• _What the exercise asks_
Leave out the pictures and retype everything else in the records below exactly.
Record excerpts START
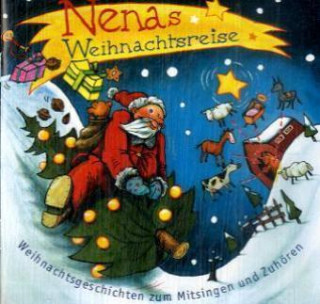 Audio Nenas Weihnachtsreise, 1 Audio-CD Nena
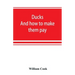 Ducks: and how to make them pay
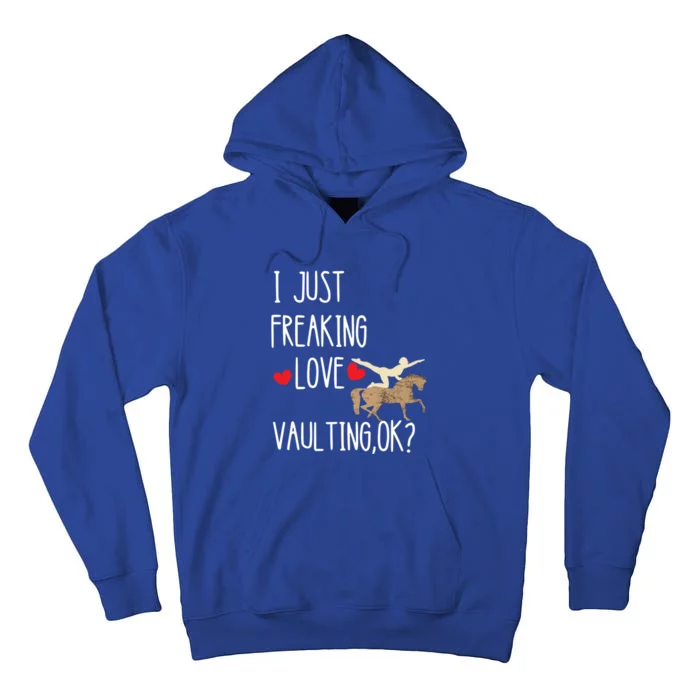 I Just Freaking Love Vaulting Equestrian Horseback Riding Gift Tall Hoodie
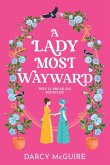 A Lady Most Wayward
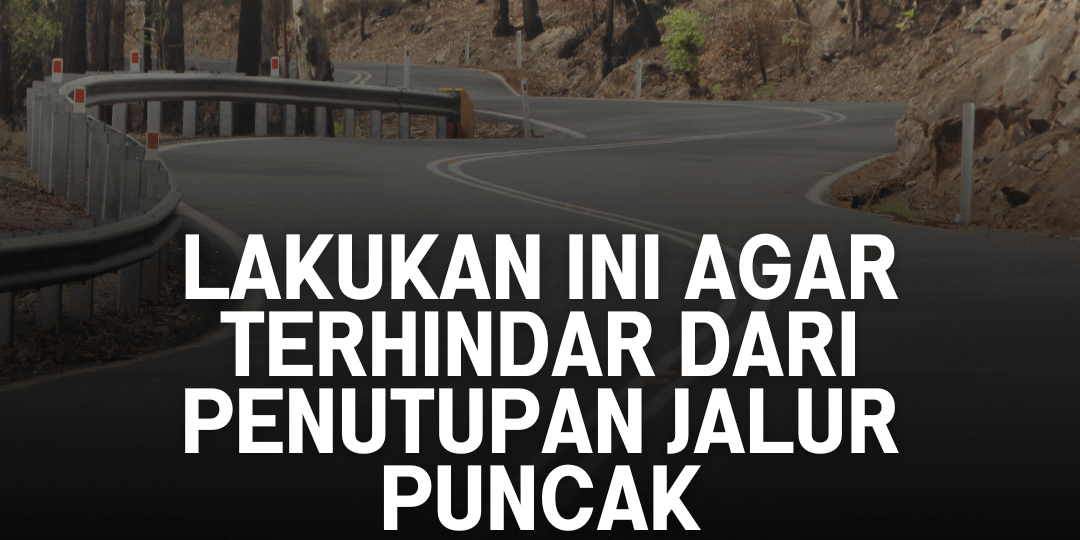 jadwal tutup buka jalur puncak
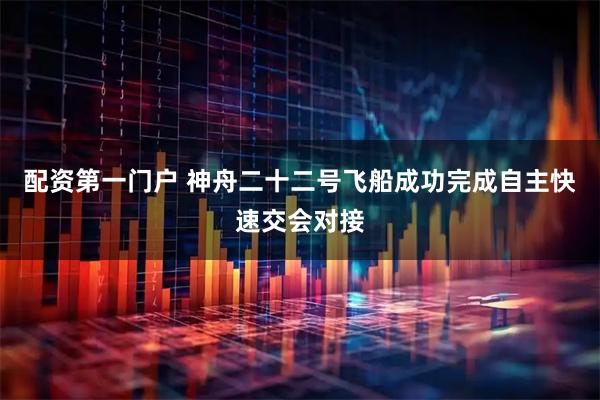 配资第一门户 神舟二十二号飞船成功完成自主快速交会对接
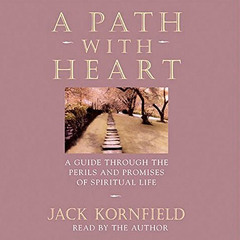VIEW PDF ✏️ A Path with Heart: A Guide Through the Perils and Promises of Spiritual L
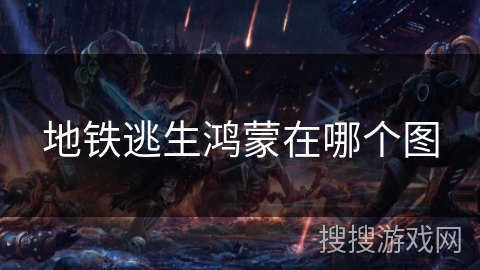 地铁逃生鸿蒙在哪个图 地铁逃生鸿蒙在哪个图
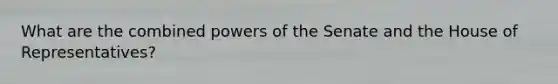 What are the combined powers of the Senate and the House of Representatives?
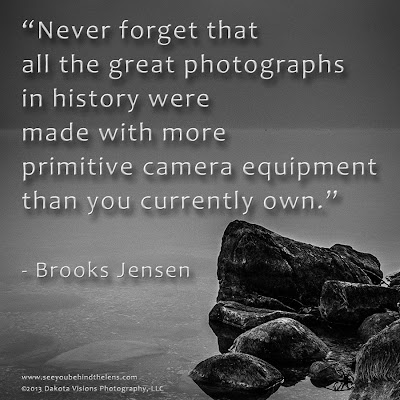 Never forget that all the great photographs... Quote by Brooks Jensen depicted by Dakota Visions Photography, LLC www.dakotavisions.com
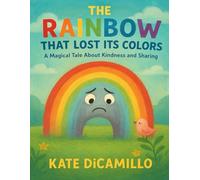 The Rainbow That Lost Its Colors: A Magical Tale About Kindness and Sharing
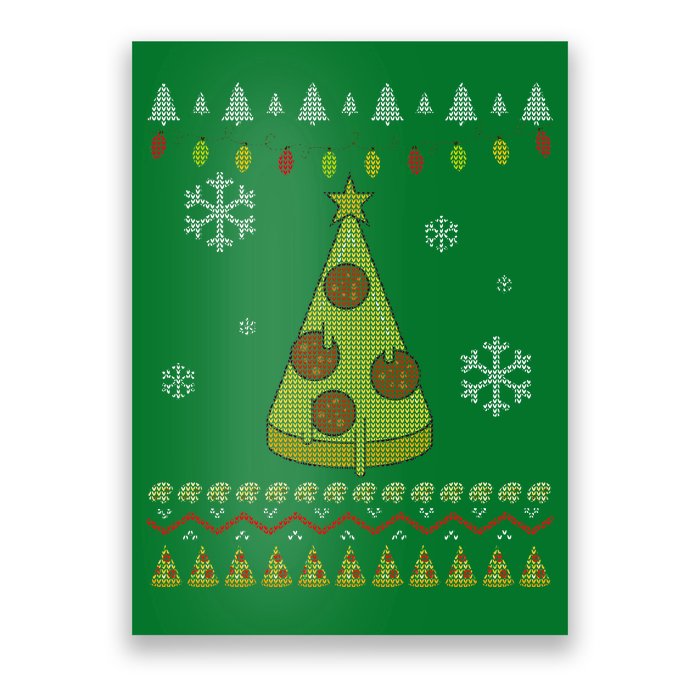 Pizza Christmas Tree Ugly Poster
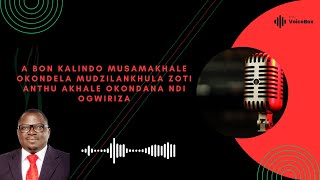 A Bon Kalindo Musamakhale Okondela Mudzilankhula Zoti Anthu Akhale Okondana Ndi Ogwiriza  Mzika [upl. by Aniaj]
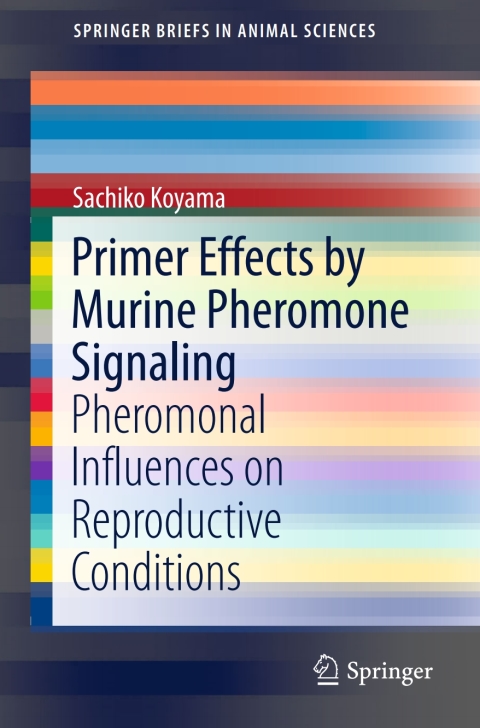 Cover image for book Primer Effects by Murine Pheromone Signaling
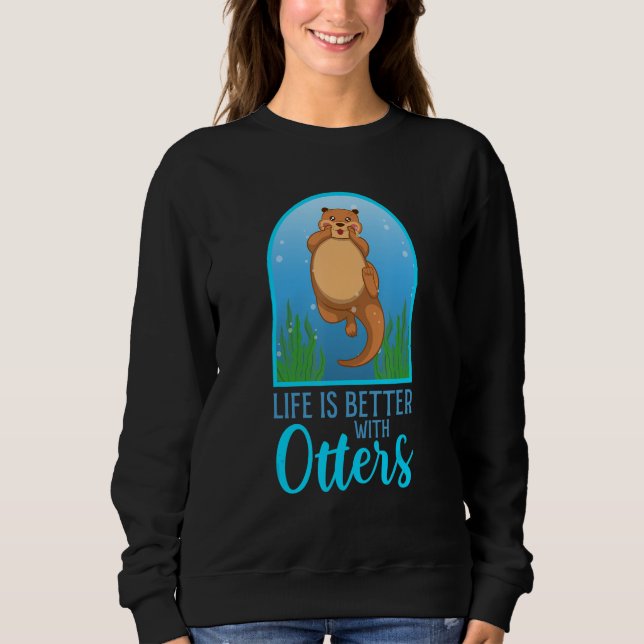 Life With Cute Otters Forest Animal Wildlife Natur Sweatshirt (Vorderseite)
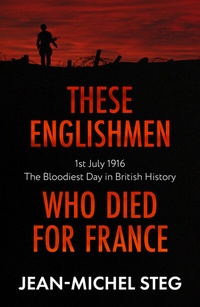 Abbildung von: These Englishmen Who Died for France - The University of Buckingham Press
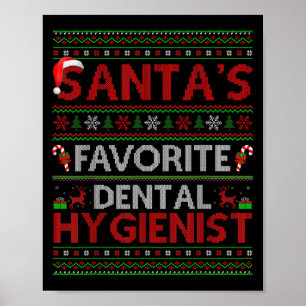 Ugly Xmas Santa's Favorite Dental Hygienist Christ Poster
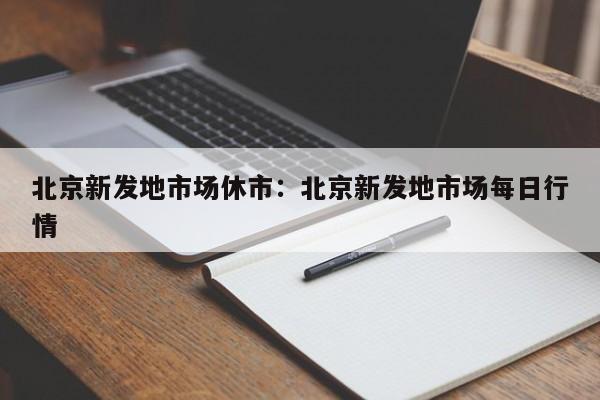 北京新发地市场休市：北京新发地市场每日行情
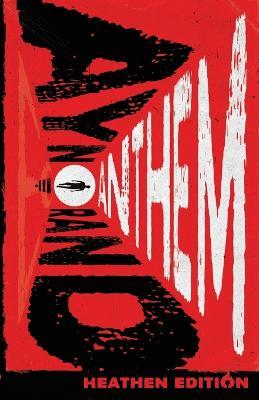 Anthem (Heathen Edition) - Ayn Rand - cover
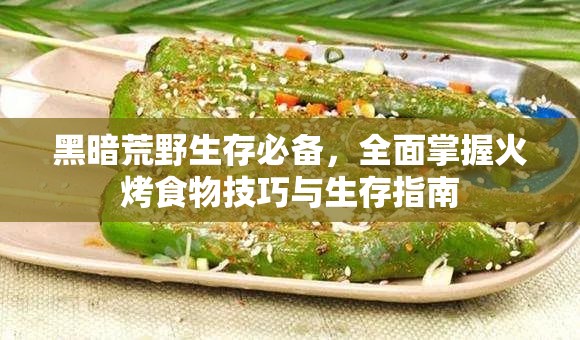 黑暗荒野生存必备，全面掌握火烤食物技巧与生存指南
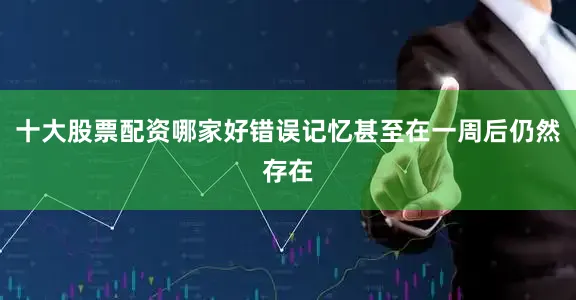 十大股票配资哪家好错误记忆甚至在一周后仍然存在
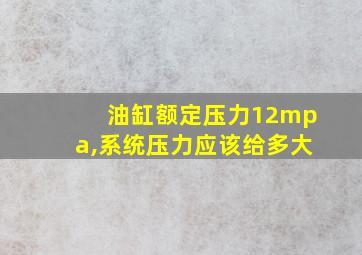 油缸额定压力12mpa,系统压力应该给多大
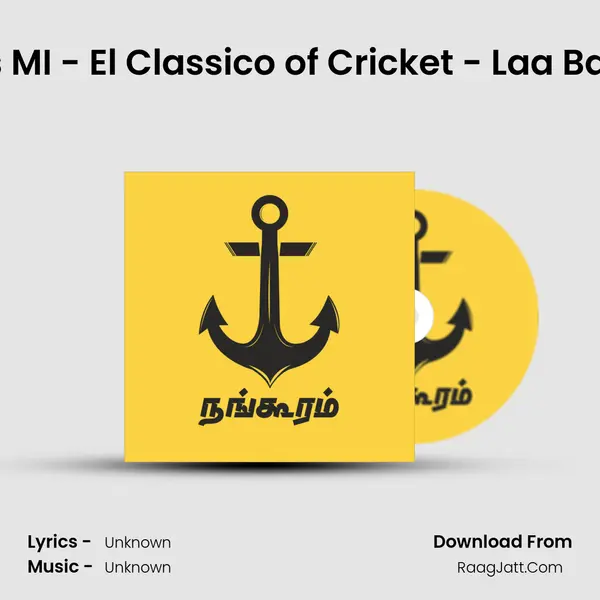 CSK vs MI - El Classico of Cricket - Laa Ball S2 E1 MP3 Song by  Cover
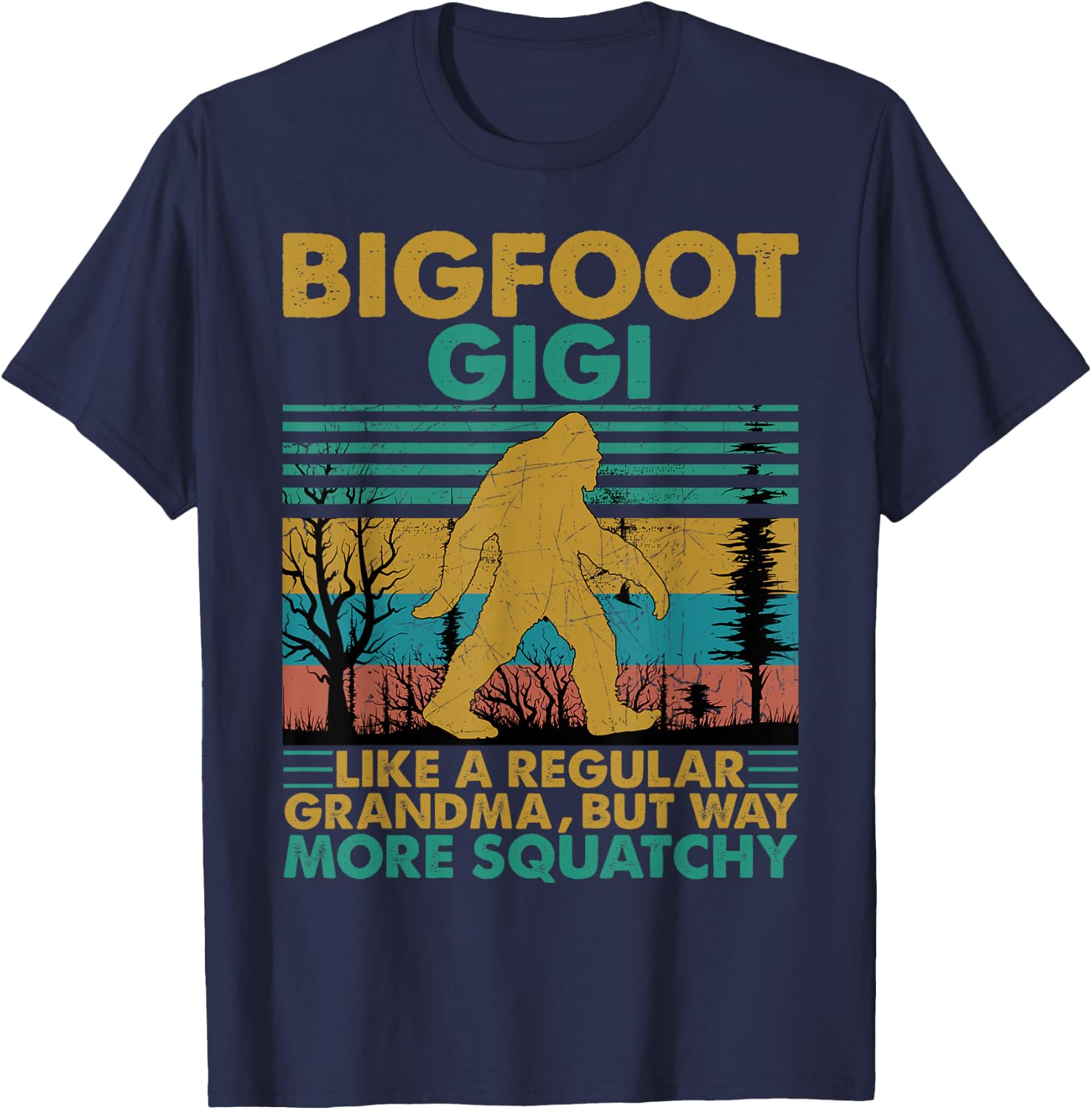 Bigfoot Gigi Like A Regular Grandma But More Squatchy T-Shirt - T-Shirt | Navy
Record excerpts END
• _Task answer_
 Audio Nenas Weihnachtsreise, 1 Audio-CD Nena
 Ducks: and how to make them pay
 I Just Freaking Love Vaulting Equestrian Horseback Riding Gift Tall Hoodie
 A Lady Most Wayward
 jadwal tutup buka jalur puncak
 配资第一门户 神舟二十二号飞船成功完成自主快速交会对接
VIEW PDF ✏️ A Path with Heart: A Guide Through the Perils and Promises of Spiritual L
 地铁逃生鸿蒙在哪个图 地铁逃生鸿蒙在哪个图
 What are the combined powers of the Senate and the House of Representatives?
 Never forget that all the great photographs... Quote by Brooks Jensen depicted by Dakota Visions Photography, LLC www.dakotavisions.com
 The Rainbow That Lost Its Colors: A Magical Tale About Kindness and Sharing
 Pizza Christmas Tree Ugly Poster
 A Bon Kalindo Musamakhale Okondela Mudzilankhula Zoti Anthu Akhale Okondana Ndi Ogwiriza  Mzika [upl. by Aniaj]
 Cover image for book Primer Effects by Murine Pheromone Signaling
 Life With Cute Otters Forest Animal Wildlife Natur Sweatshirt (Vorderseite)
 Abbildung von: These Englishmen Who Died for France - The University of Buckingham Press
 Ugly Xmas Santa's Favorite Dental Hygienist Christ Poster
 北京新发地市场休市：北京新发地市场每日行情
 Anthem (Heathen Edition) - Ayn Rand - cover
 黑暗荒野生存必备，全面掌握火烤食物技巧与生存指南
 十大股票配资哪家好错误记忆甚至在一周后仍然存在
 油缸额定压力12mpa,系统压力应该给多大
 CSK vs MI - El Classico of Cricket - Laa Ball S2 E1 MP3 Song by  Cover
 Bigfoot Gigi Like A Regular Grandma But More Squatchy T-Shirt - T-Shirt | Navy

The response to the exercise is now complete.